Yes, often they are buying generics that have overrated
wattage or are of poor construction. In other cases, they
may be trying to run too close to max output power.
If a system uses 200W continuously, the typical 300W
name-brand PSU is not a good match for long term use in a
reduced form-factor. Downsizing PSU (even "full-sized PS2
PSU in a PC) makes compromises, for example the fan size and
speed, or capacitor size. The heat density becomes
significant. This is not a hard rule, some designs are
certainly better than others but over the years I've even
seem Compaq "90W" PSU that were build disproprotionately
better for long term use than today's Antec 500W or
equivalent in most name-brands. In other words, PS2 (and
smaller) PSU form factor was not designed to scale
indefinitely, it was designed when systems used under 100W.
Systems expected to consume more had larger PSU.

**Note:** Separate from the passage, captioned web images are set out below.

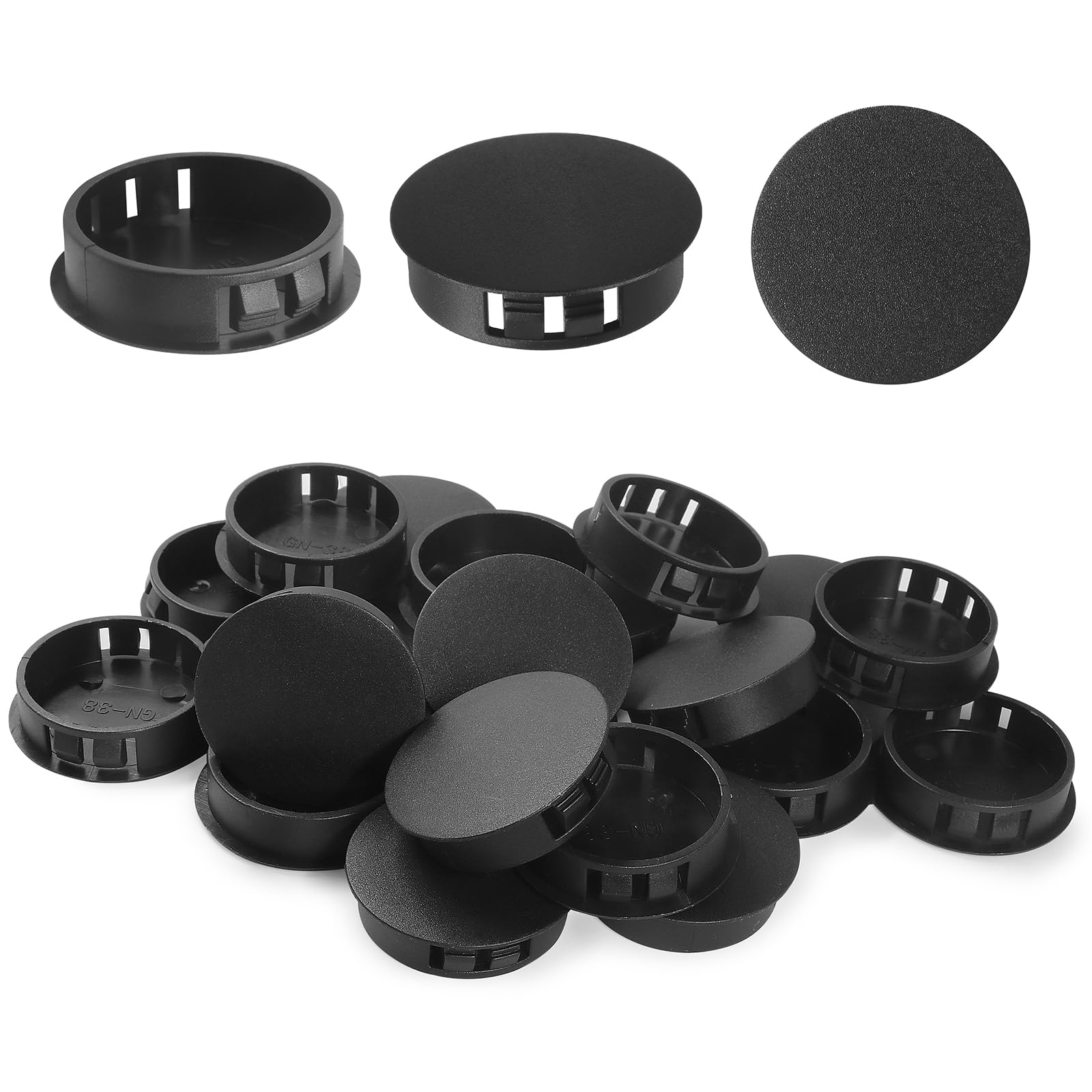 38mm Plastic Hole Plugs - Masendelk Snap-in End Caps - Black - 30pcs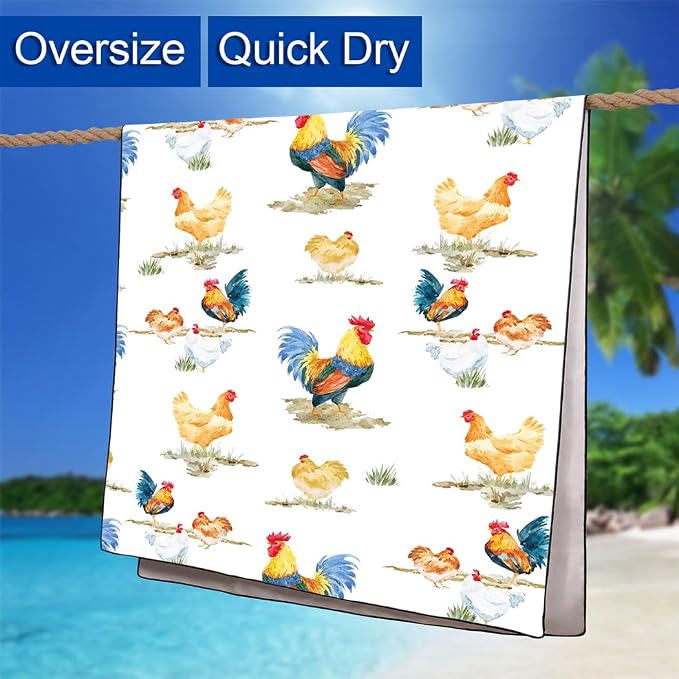 Country Rooster Pattern Beach Towel 36"x72" Quick-Dry Sand-Free Soft Microfiber - Image 6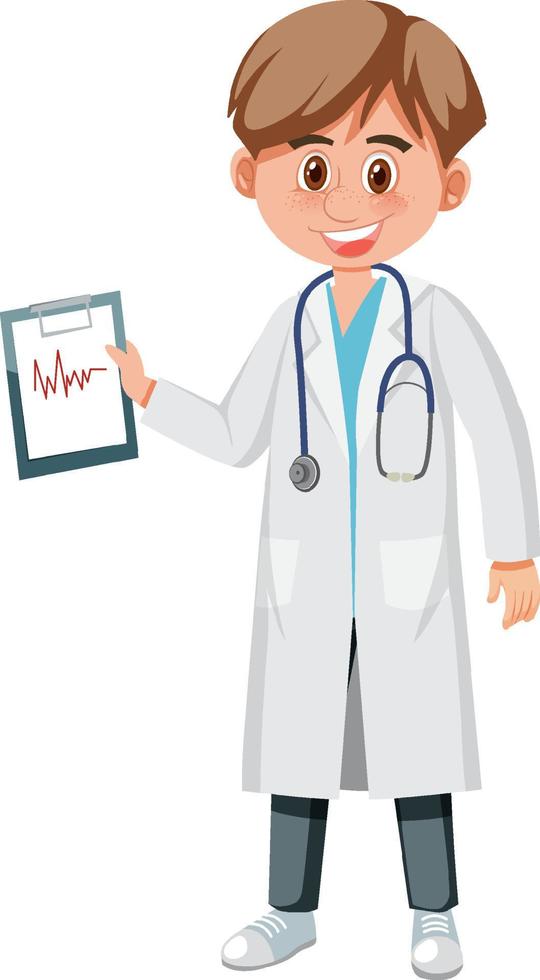 A male doctor cartoon character on white background vector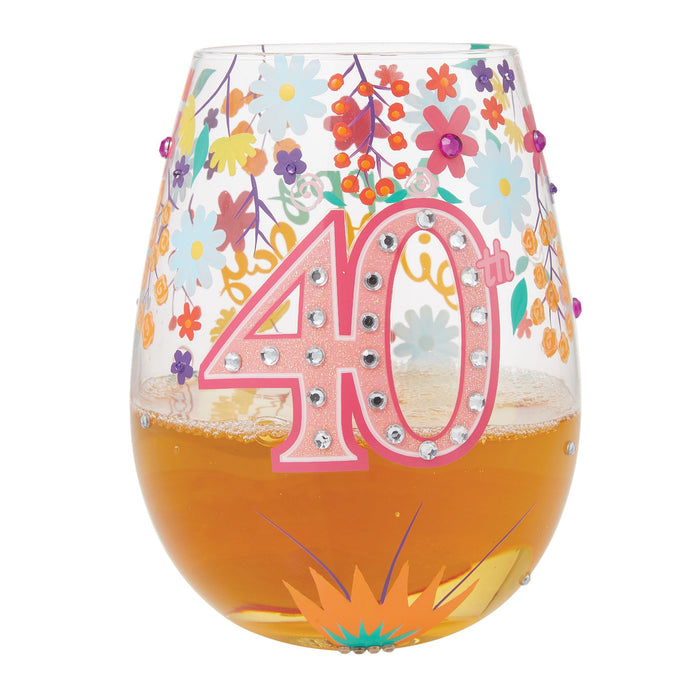 Happy 40th Stemless Wine Glass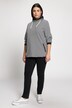 Fine Stripe Draped Collar Sweatshirt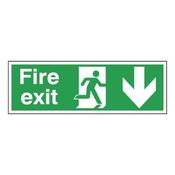 SAFETY SIGN FIRE EXIT RUNNING MAN ARROW DOWN 150X450MM SELF-ADHESIVE E100A/S  (PACK OF 1) image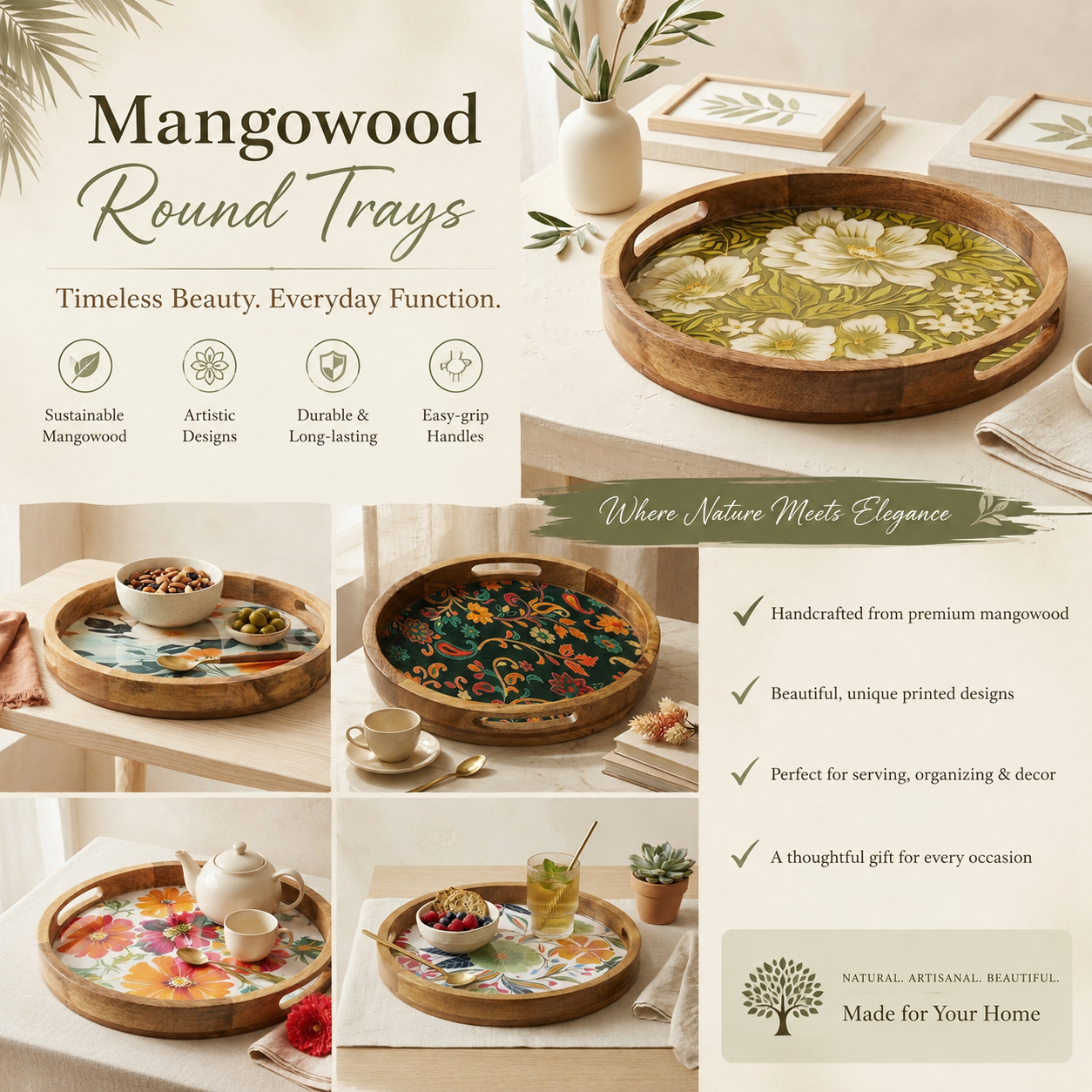 Mangowood Round Trays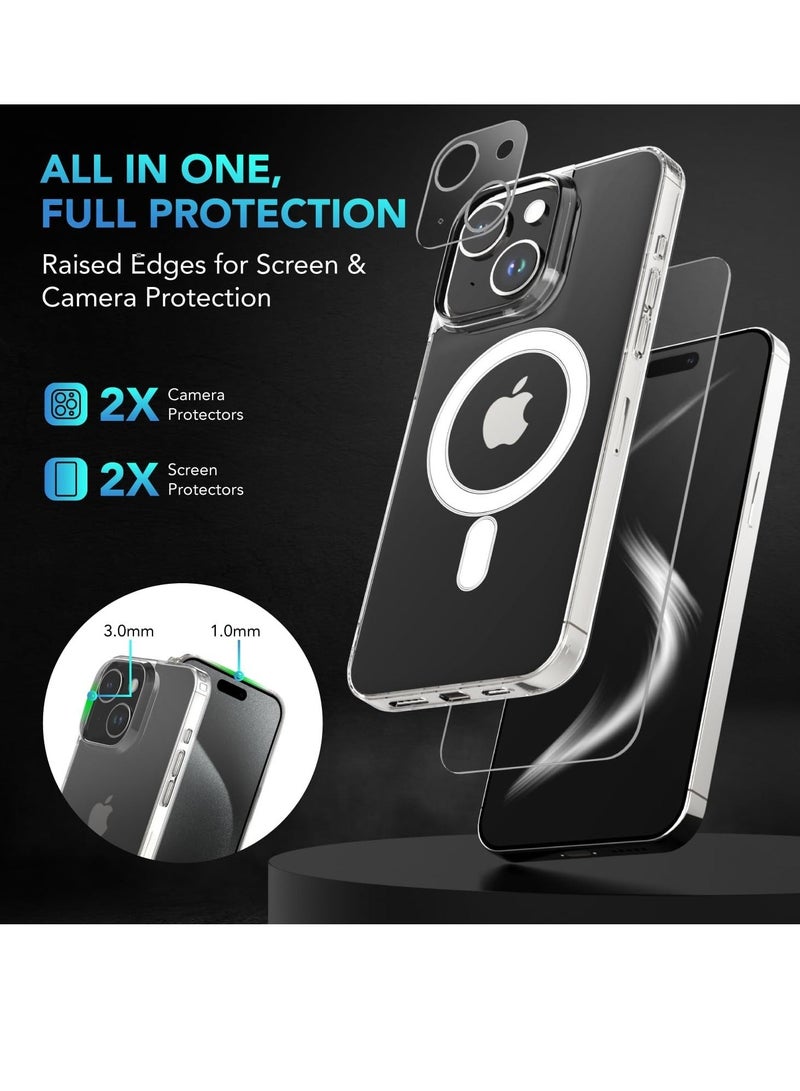 MUNTAQI --5 in 1 MagSafe compatible iPhone 14 Case, Clear Case [Military Grade Protection] with 2X Tempered Glass Screen and 2X Camera Lens Protectors, Shockproof and Air-guard Corners - Image 2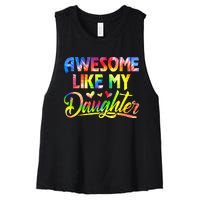 Awesome Like My Daughter Funny Gift Fathers Day Dad Women's Racerback Cropped Tank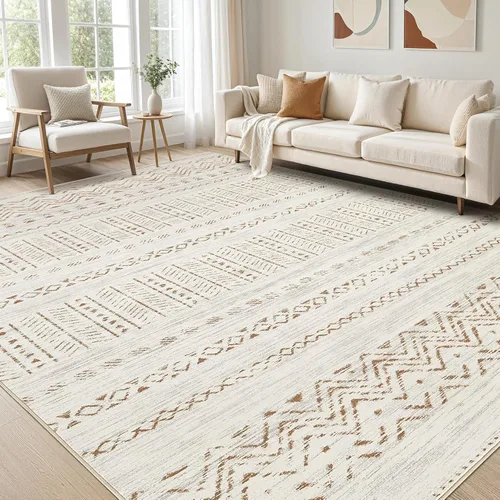 Miniatura 27 de Alfombra grande para sala de estar de 5 x 7: Alfombras marroquíes bohemias, suaves, lavables a máquina, para dormitorio, debajo de la mesa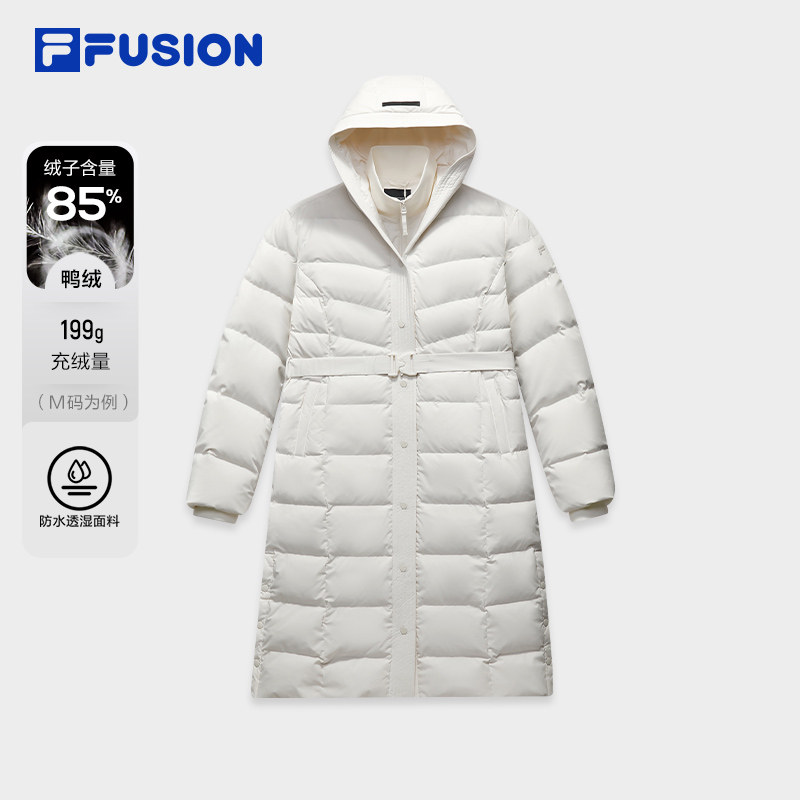 Fila/斐乐潮流长款羽绒服女款2025冬季新款休闲保暖防风连帽外套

As an example of real world power usage I just checked my AMD box in the
basement. It is an 3500+ Venice with 1gB RAM, five hard drives (four
200gB PATA and one 160gB SATA), one DVD drive, floppy, flash reader, and
an ATI X700PRO with 256mB. Running a program which saturates the CPU (a
weather modeling client) the actual measured power consumption of the
computer never quite reaches 200W. That means that the PS is putting out
a max of 140-150W assuming it is highly efficient. Even if you allow
that I swapped in a real uber-videocard that consumes 100W more than the
current one you are still talking only 250W.
OK, but what size is the PSU? If you had a
reduce-form-factor PSU with 1 cubic inch less space inside,
and the additional space is dedicated to larger part that is
less prone to fail, that is very significant. SFF boxes
have certain limitations.
Take out three or four hard drives since the typical SFF computer only
has space for two drives at most and you are talking a consumption of
maybe 200W max. Even the more puny supplies that Shuttle sells, like the
one presently in my old SB65G2 are rated at 240W and they seem to be
well designed and actually manage to put out what they are rated for.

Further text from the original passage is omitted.